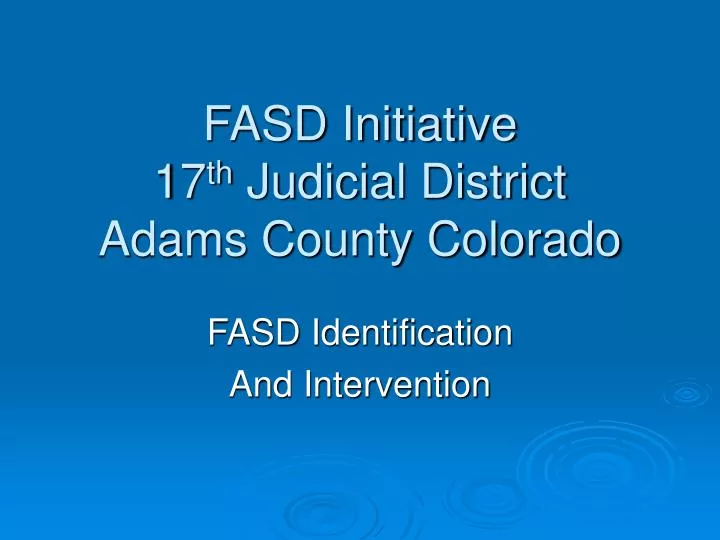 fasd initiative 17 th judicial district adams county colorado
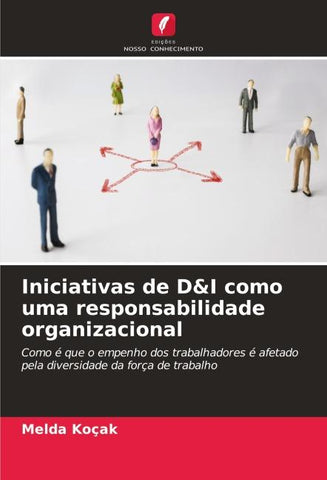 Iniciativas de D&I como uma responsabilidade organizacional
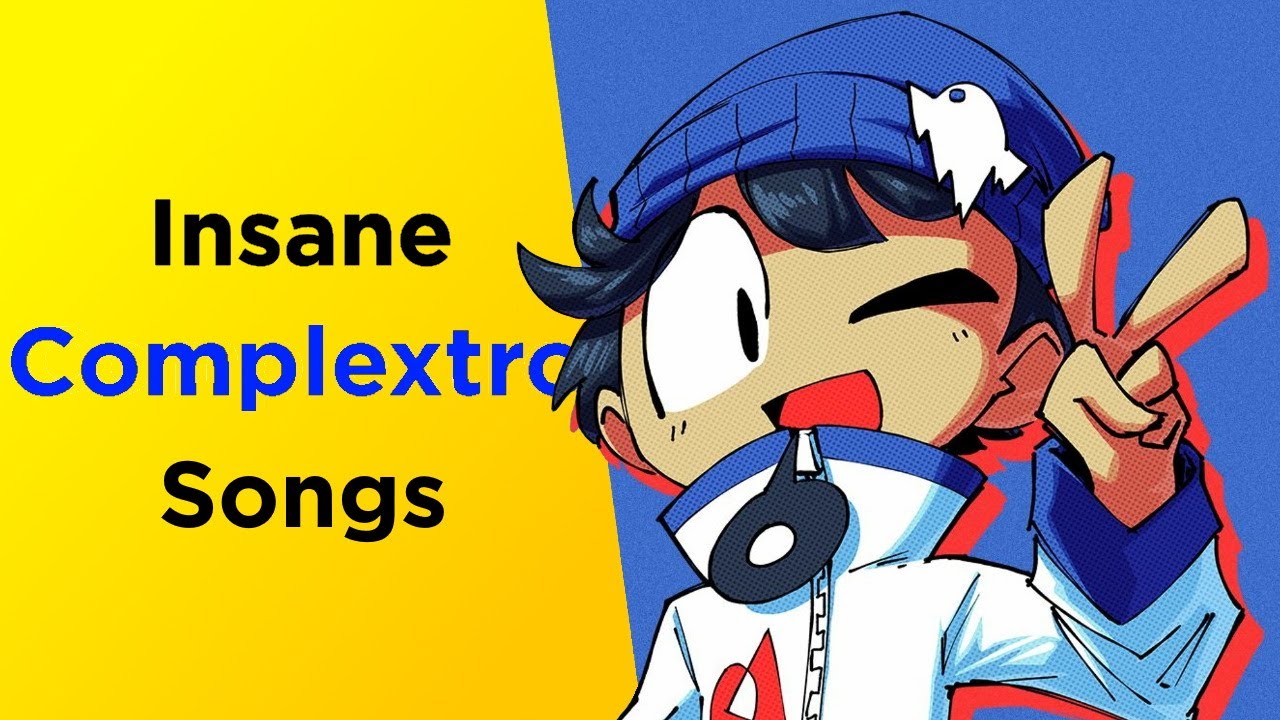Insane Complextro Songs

TASK BRIEF: Transcribe the material above in full. No picture is to be copied.

OUTPUT OF THE EXERCISE:
 fasd initiative 17 th judicial district adams county colorado
 Iniciativas de D&I como uma responsabilidade organizacional
Insane Complextro Songs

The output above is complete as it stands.